Rivelazione che a me, delle chiese dei gesuiti, dei cappuccini, niente m’importa:
vorrei suonare la Serenata n. 2 a Vecchiano nella Chiesa di Sant’Alessandro.

Brahm seduto sulla piccola sedia per le sue poderose natiche
Non è umano, non lo è mai stato, è, era, un bozzolo d’infelicità!
Che ne hai fatto della tua giovinezzza? gli chiedo.

Mi procuro collisioni con annate senza te, che chiamo delle locuste.
Anni nell’equilibro d’argilla polmonare spigolo
Di persi ritagli. Schiene braccia vesti scemenze risate.

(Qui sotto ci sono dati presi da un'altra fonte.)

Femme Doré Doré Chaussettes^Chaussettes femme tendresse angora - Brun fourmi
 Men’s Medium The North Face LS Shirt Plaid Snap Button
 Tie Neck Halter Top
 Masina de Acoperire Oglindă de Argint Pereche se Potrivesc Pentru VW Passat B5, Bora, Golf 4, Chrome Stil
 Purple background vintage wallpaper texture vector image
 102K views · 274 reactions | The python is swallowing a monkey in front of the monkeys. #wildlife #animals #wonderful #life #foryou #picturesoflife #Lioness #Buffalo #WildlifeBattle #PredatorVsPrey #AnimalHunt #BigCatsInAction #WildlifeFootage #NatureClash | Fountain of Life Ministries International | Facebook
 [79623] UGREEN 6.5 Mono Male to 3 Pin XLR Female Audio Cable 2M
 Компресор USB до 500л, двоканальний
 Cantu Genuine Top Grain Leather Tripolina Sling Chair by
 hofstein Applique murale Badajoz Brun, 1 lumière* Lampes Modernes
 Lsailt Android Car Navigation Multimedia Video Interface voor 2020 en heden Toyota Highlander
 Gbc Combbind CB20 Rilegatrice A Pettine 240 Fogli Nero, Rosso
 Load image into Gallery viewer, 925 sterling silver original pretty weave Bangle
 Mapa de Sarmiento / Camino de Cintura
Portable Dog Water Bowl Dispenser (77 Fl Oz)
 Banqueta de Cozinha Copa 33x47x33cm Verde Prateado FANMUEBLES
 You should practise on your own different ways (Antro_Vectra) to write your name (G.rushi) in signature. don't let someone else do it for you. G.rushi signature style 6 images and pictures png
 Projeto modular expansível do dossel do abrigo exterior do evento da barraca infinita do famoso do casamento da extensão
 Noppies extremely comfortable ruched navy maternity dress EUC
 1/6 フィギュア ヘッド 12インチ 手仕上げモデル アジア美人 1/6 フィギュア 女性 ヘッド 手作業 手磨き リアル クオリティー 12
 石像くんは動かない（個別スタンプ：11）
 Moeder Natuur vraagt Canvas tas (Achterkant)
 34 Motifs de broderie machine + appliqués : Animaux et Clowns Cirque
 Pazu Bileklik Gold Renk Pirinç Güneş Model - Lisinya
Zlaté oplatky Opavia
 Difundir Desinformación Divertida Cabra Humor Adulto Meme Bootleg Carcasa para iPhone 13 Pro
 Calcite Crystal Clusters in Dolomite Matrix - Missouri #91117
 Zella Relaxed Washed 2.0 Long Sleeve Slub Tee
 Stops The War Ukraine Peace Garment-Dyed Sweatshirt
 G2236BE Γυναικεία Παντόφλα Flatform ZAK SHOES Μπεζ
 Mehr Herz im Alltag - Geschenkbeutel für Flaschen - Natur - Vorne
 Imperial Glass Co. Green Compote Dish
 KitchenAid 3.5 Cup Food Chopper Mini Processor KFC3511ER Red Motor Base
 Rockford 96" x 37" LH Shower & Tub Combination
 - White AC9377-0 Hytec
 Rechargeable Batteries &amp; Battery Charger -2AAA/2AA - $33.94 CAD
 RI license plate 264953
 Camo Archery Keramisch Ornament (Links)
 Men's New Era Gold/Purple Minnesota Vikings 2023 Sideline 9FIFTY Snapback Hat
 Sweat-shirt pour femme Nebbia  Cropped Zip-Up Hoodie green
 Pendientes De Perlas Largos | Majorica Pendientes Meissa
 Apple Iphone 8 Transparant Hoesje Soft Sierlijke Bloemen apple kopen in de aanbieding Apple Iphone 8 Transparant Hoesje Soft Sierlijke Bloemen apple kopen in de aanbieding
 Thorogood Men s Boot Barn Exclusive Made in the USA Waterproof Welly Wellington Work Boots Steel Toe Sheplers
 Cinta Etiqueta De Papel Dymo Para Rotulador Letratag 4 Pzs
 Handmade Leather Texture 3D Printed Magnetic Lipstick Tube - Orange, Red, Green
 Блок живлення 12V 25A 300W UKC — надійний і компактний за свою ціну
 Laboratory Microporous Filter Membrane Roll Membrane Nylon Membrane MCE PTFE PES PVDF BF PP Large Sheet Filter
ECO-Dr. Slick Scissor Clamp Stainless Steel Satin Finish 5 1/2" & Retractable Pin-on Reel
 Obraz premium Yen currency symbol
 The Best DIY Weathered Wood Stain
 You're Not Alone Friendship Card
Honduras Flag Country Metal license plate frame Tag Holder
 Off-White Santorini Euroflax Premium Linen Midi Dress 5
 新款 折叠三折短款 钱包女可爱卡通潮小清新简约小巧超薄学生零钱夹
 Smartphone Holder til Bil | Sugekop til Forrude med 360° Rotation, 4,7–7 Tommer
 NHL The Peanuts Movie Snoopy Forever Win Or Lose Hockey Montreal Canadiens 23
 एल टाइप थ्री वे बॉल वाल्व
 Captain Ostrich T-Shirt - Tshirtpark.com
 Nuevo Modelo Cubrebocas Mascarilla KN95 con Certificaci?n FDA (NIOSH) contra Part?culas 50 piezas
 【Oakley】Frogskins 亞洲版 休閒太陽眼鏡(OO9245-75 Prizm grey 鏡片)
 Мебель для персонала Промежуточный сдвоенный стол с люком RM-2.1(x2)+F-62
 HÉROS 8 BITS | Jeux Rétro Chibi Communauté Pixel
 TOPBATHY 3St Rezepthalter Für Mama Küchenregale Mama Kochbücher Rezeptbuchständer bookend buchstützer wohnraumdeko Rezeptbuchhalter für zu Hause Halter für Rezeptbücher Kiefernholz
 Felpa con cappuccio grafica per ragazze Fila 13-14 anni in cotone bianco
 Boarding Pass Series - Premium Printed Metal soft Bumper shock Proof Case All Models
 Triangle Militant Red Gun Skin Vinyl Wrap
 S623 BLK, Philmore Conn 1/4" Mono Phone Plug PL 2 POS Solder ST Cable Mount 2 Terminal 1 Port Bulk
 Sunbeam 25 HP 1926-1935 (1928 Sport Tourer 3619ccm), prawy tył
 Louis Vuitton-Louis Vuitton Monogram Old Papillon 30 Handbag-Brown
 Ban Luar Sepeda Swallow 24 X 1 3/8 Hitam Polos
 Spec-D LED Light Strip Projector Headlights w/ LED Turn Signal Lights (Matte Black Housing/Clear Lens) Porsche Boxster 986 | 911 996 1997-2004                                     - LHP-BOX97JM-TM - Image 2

Brahm non ha mai vissuto in coppia. Qui la sua disperazione verso Schumann maestro.
Altro che invidia per le cosce partorienti di Clara Wiek pianista eccelsa!
Schumann, mi rivela Brahms sulla seggioletta, incise il canto dell’usignolo nel Quarto Lied
Dei Dichterliebe, lì perse la sua mente. Io suo seguace mi caricai la carcassa di rivalità
Per la sua leggera follia. La musica per Schumann era facile per me complessa agguantarla.
Son calandra goffo pennuto non usignolo.

Fisso così il flauto traverso, ci inciampo.
Se farà bel tempo sul Teatro dell’Opera,
se i rigagnoli saranno l’ultima volta gelati,
se le lame nell’acqua taglieranno tempi allegri o andanti
non m’interessa. Vale che qualcosa sia accaduto, tra me e te:
accaduto una volta, per tutte, per sempre.
Due volte nel tuo cuore vissi. Vivo.
Nessuna facciata di Bratislava voce lati sbriciolati
Ponti in carico, piedi nudi nella stanza, ringhiere in diagonale, 
potranno imitare le pupille
Come accolgono il vibrato nel mattino stesso fruscìo d’erbe smemorate carezze. La musica mia per te l’unica arte possibile per salvare dalla morte quanto non vivemmo. Per dare nel basso continuo vicenda al tempo intero cosmo mentre m’addormento.
Sul guanciale accanto alla tua testa. A Bratislava di Vecchiano.